Can I change my mind or switch between colours?

Yes, absolutely. Your own risk assessment may change with your own circumstances or information that emerges about the virus.

How do face coverings fit in?

The greenbandredband system deals primarily with distancing measures as (a) distancing is currently thought to be more effective than face covering and (b) distancing more directly affects the level of disruption to people's lives. Face coverings are used for one of two reasons. Either to mitigate risk where full distancing cannot be maintained, or to minimise risks of transmission even where close contact has not occurred. The reasoning affects the approach. 1. If the distancing rules in a region offer a choice between full physical distance or reduced distance with mitigation, then red banders should be entitled to protection in accordance with local rules/guidance. So reduced distance and face covering would be deemed acceptable to a red bander in that region where full distance is not practical. 2. If a region recommends or mandates face coverings irrespective of distancing then this is outside of the greenbandredband system as it does not govern how people interact on a close contact basis.

Do I have to wear a band?

No. You may prefer to download and display the green or red logo. Anything that clearly communicates your position is fine.
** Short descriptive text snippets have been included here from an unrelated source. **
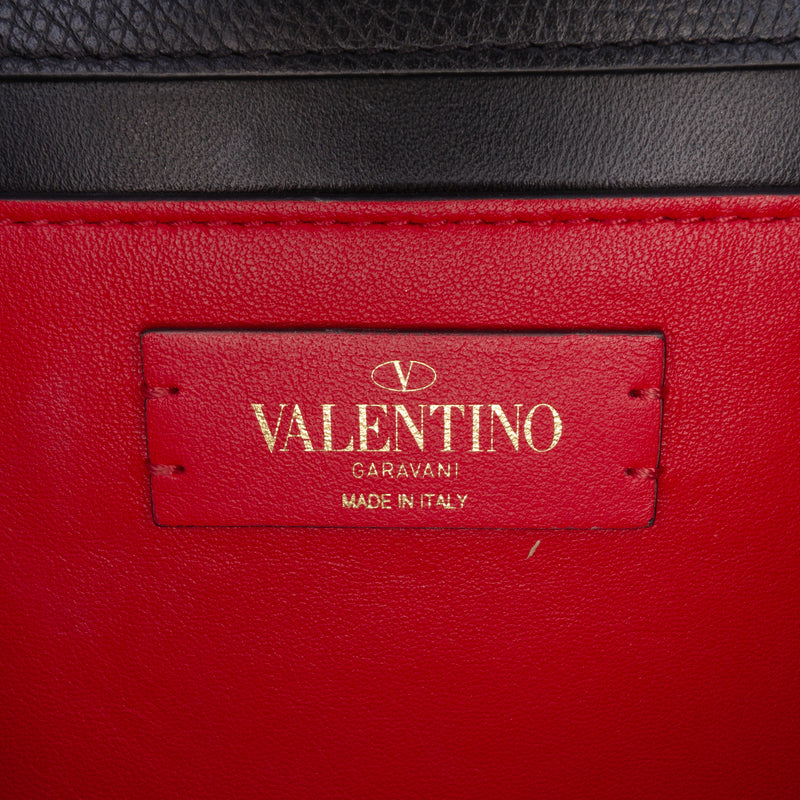 Small Grained Calfskin VSling Crossbody - Image 5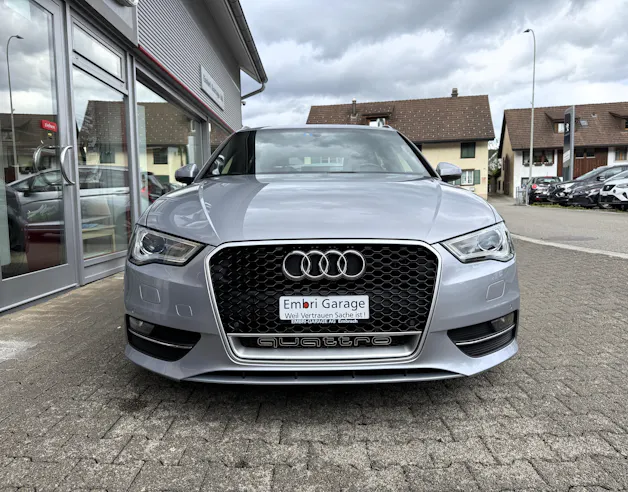 AUDI A3 Sportback 2.0 TDI Ambition S-tronic
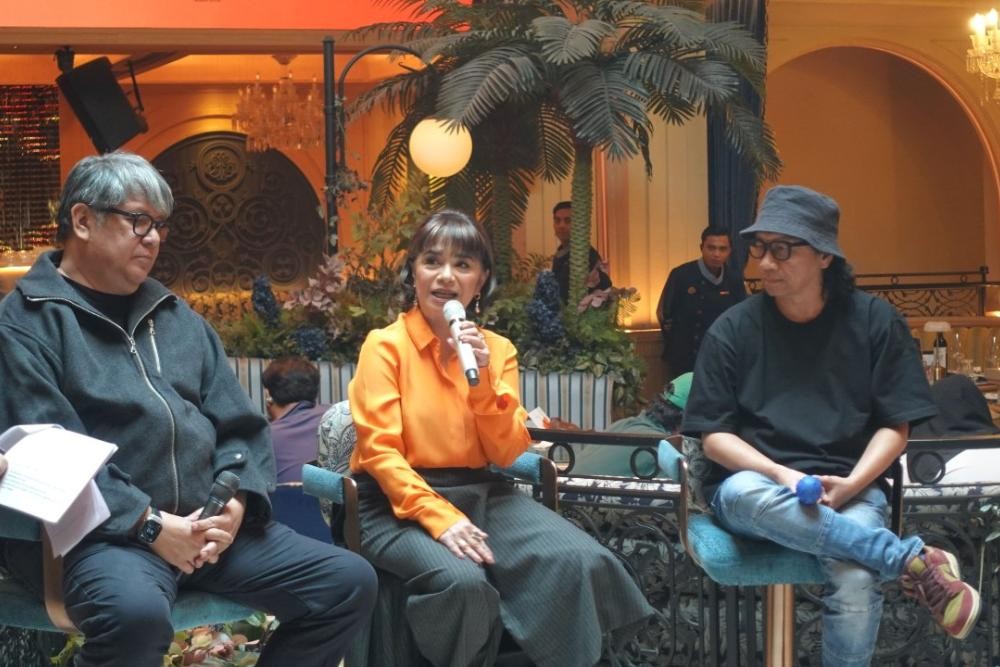 Album Ruth Sahanaya Merindu Tandai Langkah Musik Baru post thumbnail image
The proceeds from our bands go to charity but you can certainly come up with your own way of communicating. Whatever you choose to wear/display just make sure it is clear. Just putting on a red or green item of clothing will probably not be enough to make your choice clear to others. Regardless of whether you obtain a band from this website, it could be very helpful if you would register and state your preference for green/red/undecided. Not meaning to be impolite, but it’s not that we particularly want to know who you are. It’s just that thinking ahead, if enough people register then those numbers could help inform policy for those making the big decisions.

What about mixing with my household if I’m red band?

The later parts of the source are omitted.